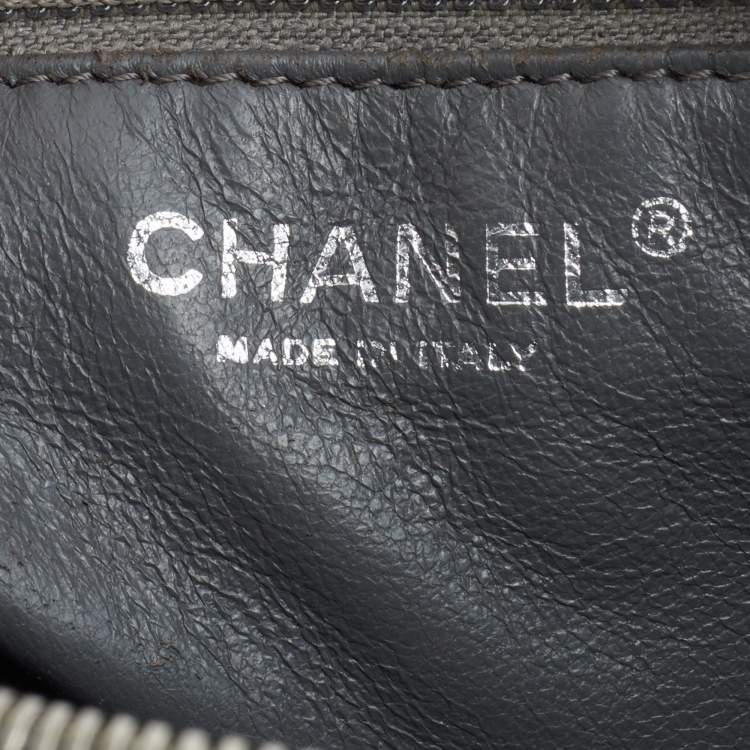 Pre Owned Chanel Grey Quilted Leather Large Reissue Camera Case Bag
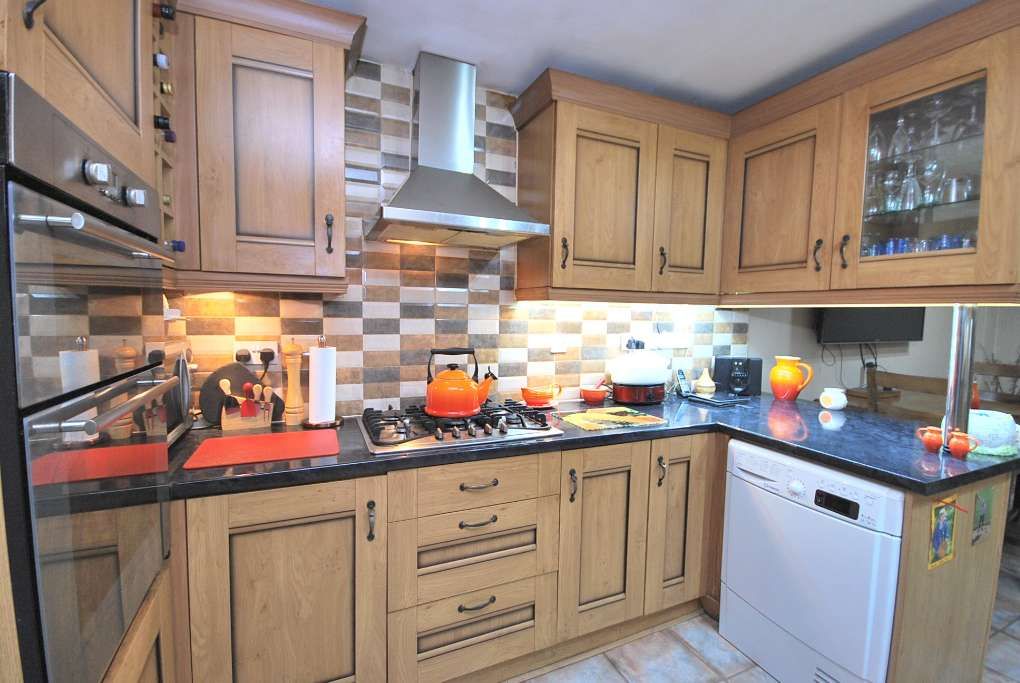 5 bed terraced house for sale in Newton, Warrington WA3, £215,000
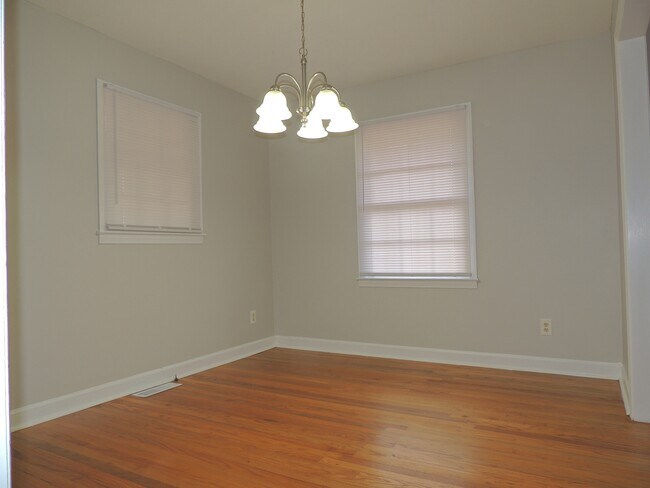 Building Photo - 145 Summerhill Rd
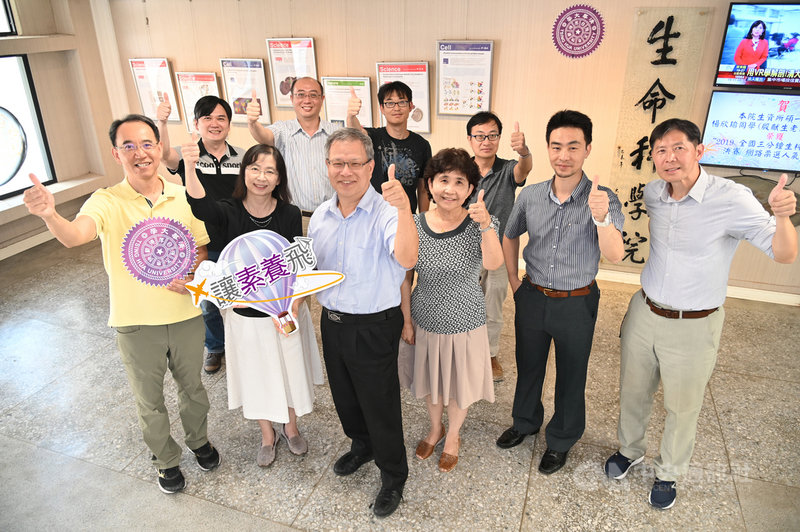 清華大學生命科學院教授焦傳金(前左)邀多名生科院教師合作,以自身研究設計素養題,如烏賊算數、果蠅社交等題目來命題,「讓素養飛」的題庫網站10日上線,提供高中師生免費使用。(清大提供)中央社記者許秩維傳真 108年9月10日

> Instructions for the task
Leave out the pictures, and please output only the lines from the line that contains "Building Photo - 145 Summerhill Rd" through the end of the data, both ends included.

> Completed task
 Building Photo - 145 Summerhill Rd
 清華大學生命科學院教授焦傳金(前左)邀多名生科院教師合作,以自身研究設計素養題,如烏賊算數、果蠅社交等題目來命題,「讓素養飛」的題庫網站10日上線,提供高中師生免費使用。(清大提供)中央社記者許秩維傳真 108年9月10日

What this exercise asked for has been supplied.